Court dismisses major food producer's suit against watchdog over tender violations
MOSCOW, December 14 - RAPSI, Natalia Belova. The court has dismissed Wimm-Bill-Dann's lawsuit to cancel the antimonopoly service's resolution that a state procurement tender for baby food in 2010 was marred with violations, the Russian Legal Information Agency (RAPSI/rapsinews.com) reports.
Wimm-Bill-Dann is the Russia's largest food company founded in Moscow in 1992.
Established over 100 years ago, Nutricia specializes in producing baby food. It has operated in Russia since 1994 and been a part of the international Danone food group since 2007.

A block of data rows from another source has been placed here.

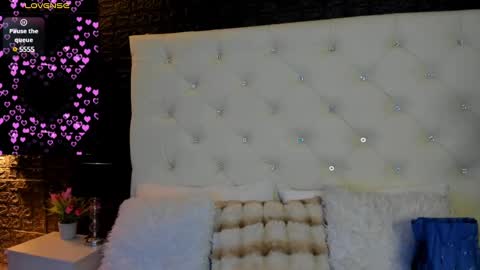     online show from 22, 1, 2025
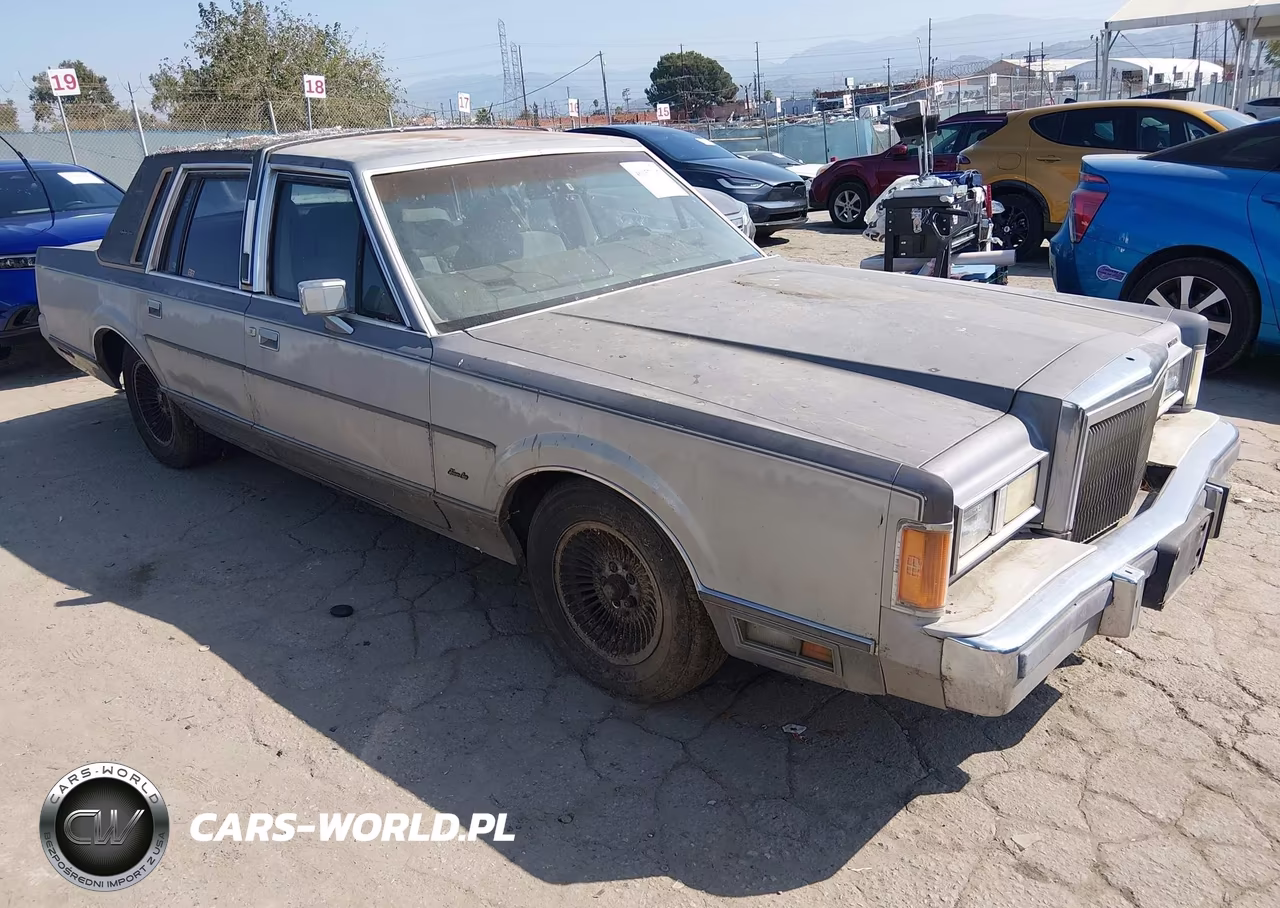 1988 Lincoln Town Car Signature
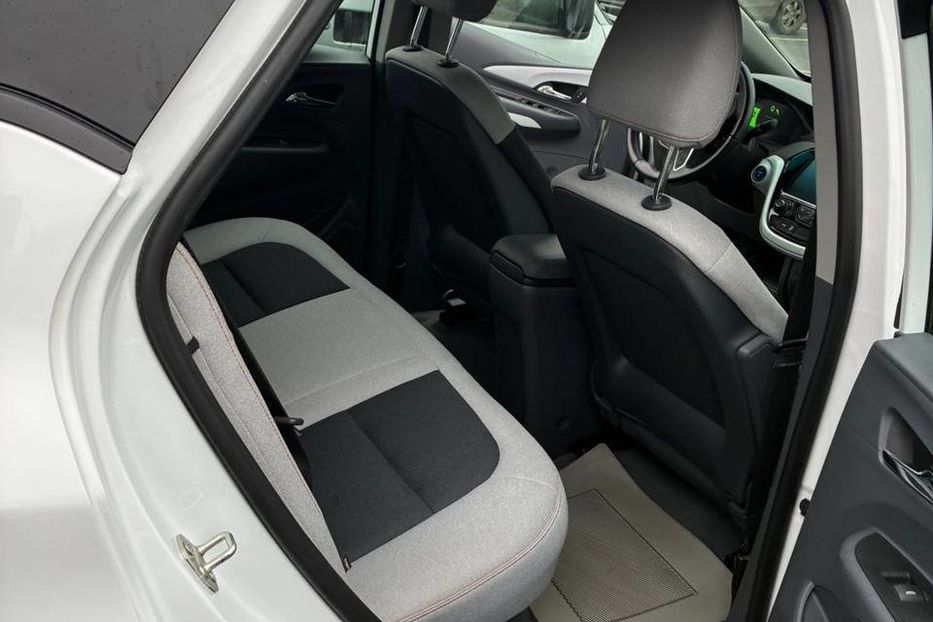 Продам Chevrolet Bolt Chevrolet Bolt EV 60кWh  2020 года в Львове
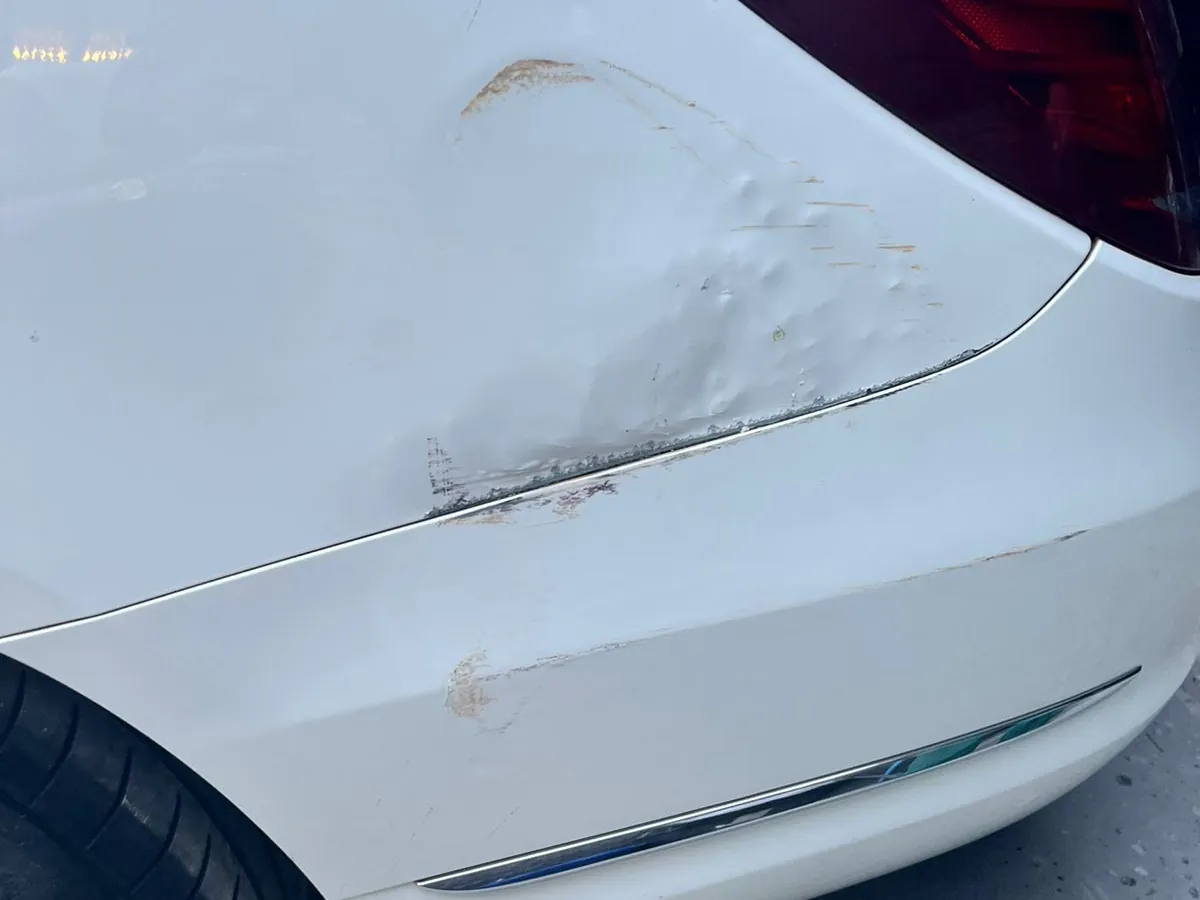 Amassado na lateral traseira de um carro branco antes do martelinho de ouro na Replikar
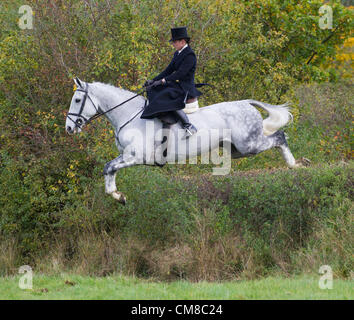 Côté riders a rejoint le domaine en nombre record pour l'ouverture de la chasse à Quorn, tenue à l'informatique, Kirby Bellars, England, UK 26 octobre 2012. Sidesaddle remonte à l'antiquité et développés dans les pays européens au Moyen Âge comme un moyen pour les femmes en jupes de monter à cheval dans une modeste façon. Au cours des dernières années d'équitation sur le côté a bénéficié d'augmentation de la popularité grâce à des amateurs qui ont mis sur les écrans dans des événements et salons. Banque D'Images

Wimm-Bill-Dann was named as a successful bidder in the state procurement tender for baby food.
The Moscow District Health Department and Nutricia, a Danone subsidiary, which contested the tender's validity, are involved in the case as third parties.
The Federal Antimonopoly Service acknowledged Nutricia's complaint on January 11 and agreed that the baby food requirements limit the number of bidders.
The watchdog's representative said on Wednesday that Wimm-Bill-Dann missed the three-month appeal deadline.
Wimm-Bill-Dann said it filed the lawsuit as soon as it became aware of the decision, as it had not been involved in the case hearing at the antimonopoly service, and the watchdog had not published its decision. In this regard, Wimm-Bill-Dann requested to restore the missed appeal deadline.
The Kommersant newspaper earlier reported that in 2010 the Moskva Zlatoglavaya trading house and Wimm-Bill-Dann won an annual tender to provide free baby food to Moscow residents. Nutricia was barred from the tender as it failed to meet the customer's packing and product property requirements, Kommersant reported.
Moskva Zlatoglavaya sells food products produced by the French Nutribio. The Moscow government owns a 20-percent stake in Moskva Zlatoglavaya.
Danone told RAPSI that it seeks to "secure fair competition for itself and the other bidders".